→ Problem requirements
What you give must be exactly the lines of the material from the first through the line that contains "Vector image of", inclusive, and no others.

→ Data for review
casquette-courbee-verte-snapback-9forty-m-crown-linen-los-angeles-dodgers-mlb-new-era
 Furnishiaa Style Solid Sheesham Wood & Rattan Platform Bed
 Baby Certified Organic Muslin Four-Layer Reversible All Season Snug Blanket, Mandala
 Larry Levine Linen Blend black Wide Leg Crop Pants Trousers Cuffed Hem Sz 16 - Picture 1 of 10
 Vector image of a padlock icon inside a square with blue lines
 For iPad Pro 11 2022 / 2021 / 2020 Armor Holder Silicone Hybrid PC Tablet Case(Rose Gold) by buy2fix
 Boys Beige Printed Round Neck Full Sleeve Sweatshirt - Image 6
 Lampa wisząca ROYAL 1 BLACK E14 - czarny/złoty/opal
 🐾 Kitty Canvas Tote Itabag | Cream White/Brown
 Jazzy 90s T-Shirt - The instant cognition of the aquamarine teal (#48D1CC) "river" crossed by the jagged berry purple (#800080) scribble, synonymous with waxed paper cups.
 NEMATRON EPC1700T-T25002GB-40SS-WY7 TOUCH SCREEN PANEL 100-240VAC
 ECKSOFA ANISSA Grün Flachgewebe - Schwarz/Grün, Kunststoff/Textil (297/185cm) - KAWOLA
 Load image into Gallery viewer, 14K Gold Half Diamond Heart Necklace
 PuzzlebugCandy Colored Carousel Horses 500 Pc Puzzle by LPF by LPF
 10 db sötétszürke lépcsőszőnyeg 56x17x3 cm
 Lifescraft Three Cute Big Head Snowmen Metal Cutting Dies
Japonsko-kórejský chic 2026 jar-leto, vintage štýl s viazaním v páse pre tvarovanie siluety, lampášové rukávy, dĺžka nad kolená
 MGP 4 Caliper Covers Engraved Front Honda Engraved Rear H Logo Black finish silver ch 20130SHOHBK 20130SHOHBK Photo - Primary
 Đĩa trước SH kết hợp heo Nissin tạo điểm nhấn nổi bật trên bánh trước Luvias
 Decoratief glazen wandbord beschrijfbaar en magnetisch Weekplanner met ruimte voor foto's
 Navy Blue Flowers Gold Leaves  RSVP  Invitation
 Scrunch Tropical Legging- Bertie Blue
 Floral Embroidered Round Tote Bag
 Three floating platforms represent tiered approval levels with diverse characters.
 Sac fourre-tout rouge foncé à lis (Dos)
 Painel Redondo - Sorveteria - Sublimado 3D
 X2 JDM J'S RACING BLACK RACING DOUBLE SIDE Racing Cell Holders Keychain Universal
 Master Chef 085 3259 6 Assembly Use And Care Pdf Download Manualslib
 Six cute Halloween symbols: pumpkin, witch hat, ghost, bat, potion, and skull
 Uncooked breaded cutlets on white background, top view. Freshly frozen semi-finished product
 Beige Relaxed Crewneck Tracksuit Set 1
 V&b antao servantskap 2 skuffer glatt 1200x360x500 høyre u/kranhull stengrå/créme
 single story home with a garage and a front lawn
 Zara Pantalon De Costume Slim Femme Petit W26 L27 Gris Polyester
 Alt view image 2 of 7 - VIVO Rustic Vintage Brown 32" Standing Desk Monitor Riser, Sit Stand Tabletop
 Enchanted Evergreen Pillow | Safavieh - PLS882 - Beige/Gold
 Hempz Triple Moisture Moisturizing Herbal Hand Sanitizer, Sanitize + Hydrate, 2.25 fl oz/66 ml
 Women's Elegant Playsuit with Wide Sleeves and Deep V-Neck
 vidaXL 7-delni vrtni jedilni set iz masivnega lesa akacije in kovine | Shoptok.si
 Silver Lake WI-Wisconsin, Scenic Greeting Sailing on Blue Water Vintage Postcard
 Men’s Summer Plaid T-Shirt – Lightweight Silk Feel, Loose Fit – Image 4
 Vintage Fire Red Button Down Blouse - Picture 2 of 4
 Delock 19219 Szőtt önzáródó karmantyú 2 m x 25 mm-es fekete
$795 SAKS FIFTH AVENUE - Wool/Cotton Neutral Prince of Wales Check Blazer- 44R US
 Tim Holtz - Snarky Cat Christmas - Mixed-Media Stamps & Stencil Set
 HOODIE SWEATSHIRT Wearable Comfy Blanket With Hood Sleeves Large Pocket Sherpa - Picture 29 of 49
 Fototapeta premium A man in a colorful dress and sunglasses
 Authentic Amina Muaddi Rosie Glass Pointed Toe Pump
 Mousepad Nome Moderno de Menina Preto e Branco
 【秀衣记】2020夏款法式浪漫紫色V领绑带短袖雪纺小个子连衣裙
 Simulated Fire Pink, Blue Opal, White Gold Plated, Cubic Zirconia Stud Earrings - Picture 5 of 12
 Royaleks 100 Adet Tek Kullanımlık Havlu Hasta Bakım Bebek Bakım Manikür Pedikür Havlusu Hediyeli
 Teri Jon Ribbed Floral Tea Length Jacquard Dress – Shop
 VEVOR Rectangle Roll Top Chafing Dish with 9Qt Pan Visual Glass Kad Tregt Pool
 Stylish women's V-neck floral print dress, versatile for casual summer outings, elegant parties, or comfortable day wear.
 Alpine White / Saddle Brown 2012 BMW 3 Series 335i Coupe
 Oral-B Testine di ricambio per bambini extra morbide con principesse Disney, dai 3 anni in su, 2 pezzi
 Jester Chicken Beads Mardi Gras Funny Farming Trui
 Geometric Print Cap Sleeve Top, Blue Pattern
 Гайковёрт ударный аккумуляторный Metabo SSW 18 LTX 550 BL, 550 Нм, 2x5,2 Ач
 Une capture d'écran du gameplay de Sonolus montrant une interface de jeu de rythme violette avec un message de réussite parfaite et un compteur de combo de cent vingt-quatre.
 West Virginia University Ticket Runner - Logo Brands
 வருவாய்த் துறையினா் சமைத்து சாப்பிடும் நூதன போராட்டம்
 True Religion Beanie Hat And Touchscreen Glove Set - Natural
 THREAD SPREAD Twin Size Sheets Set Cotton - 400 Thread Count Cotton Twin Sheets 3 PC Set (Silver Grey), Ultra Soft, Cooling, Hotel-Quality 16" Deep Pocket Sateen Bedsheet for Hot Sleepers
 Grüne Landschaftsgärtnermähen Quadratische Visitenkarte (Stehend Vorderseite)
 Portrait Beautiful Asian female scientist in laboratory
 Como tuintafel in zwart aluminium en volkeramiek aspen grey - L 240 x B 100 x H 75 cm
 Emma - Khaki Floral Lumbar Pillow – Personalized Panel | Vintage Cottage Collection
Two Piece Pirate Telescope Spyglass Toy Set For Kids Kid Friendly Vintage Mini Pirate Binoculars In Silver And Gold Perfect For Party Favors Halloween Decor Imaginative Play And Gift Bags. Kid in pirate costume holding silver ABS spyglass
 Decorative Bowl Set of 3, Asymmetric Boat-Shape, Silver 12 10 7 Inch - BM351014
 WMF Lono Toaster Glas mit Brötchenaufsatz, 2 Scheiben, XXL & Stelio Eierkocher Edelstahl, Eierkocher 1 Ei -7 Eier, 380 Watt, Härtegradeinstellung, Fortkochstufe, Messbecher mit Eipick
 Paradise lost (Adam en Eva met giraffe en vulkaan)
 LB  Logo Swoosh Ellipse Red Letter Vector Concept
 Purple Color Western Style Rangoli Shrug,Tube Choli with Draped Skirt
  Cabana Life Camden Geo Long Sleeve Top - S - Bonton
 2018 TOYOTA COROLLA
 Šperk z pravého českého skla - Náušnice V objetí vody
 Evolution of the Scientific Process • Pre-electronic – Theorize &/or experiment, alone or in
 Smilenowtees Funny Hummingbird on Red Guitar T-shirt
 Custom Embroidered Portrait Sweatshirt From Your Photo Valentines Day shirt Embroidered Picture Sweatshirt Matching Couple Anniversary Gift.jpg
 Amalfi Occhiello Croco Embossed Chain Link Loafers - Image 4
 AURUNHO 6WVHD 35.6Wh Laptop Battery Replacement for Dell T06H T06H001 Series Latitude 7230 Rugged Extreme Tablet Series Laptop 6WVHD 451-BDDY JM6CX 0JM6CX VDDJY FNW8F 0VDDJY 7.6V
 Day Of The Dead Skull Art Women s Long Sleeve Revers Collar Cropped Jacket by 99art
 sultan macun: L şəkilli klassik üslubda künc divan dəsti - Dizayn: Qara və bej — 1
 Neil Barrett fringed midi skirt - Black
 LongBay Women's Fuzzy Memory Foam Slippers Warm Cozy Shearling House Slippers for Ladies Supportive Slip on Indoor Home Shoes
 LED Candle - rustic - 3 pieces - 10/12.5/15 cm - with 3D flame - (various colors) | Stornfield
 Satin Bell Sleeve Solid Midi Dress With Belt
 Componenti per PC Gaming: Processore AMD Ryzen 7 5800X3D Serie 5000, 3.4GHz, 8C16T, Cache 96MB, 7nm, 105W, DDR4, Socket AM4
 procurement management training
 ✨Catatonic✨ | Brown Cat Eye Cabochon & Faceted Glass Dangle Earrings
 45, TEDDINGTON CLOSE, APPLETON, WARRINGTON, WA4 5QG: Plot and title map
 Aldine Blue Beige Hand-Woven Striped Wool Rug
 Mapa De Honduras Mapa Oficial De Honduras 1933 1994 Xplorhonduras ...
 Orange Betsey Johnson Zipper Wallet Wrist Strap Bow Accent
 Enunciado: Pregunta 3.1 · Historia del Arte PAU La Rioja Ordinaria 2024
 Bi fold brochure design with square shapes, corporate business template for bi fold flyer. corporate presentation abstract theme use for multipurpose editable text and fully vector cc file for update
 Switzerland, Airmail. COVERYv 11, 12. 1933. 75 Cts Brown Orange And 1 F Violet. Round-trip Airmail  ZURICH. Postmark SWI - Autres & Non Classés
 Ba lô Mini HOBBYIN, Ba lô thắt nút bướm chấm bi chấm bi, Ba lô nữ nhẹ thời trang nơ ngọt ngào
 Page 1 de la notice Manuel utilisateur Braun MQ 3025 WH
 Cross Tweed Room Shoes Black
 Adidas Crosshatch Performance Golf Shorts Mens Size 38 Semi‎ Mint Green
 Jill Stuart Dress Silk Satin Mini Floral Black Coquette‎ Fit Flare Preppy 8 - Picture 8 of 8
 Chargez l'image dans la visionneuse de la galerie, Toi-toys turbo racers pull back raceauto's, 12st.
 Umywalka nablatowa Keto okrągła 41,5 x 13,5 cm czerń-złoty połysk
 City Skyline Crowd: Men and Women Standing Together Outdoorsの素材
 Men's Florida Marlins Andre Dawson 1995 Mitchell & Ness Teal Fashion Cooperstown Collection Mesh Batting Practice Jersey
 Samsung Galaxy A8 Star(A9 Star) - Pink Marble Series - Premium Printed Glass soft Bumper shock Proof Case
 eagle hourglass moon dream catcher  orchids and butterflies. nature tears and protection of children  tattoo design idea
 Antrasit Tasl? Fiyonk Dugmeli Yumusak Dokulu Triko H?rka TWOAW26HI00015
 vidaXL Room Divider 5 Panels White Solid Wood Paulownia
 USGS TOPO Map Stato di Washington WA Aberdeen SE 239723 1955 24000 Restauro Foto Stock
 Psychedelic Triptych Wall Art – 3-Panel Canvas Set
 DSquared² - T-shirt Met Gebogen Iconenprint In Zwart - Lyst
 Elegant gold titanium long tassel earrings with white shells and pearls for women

→ Answer space
casquette-courbee-verte-snapback-9forty-m-crown-linen-los-angeles-dodgers-mlb-new-era
 Furnishiaa Style Solid Sheesham Wood & Rattan Platform Bed
 Baby Certified Organic Muslin Four-Layer Reversible All Season Snug Blanket, Mandala
 Larry Levine Linen Blend black Wide Leg Crop Pants Trousers Cuffed Hem Sz 16 - Picture 1 of 10
 Vector image of a padlock icon inside a square with blue lines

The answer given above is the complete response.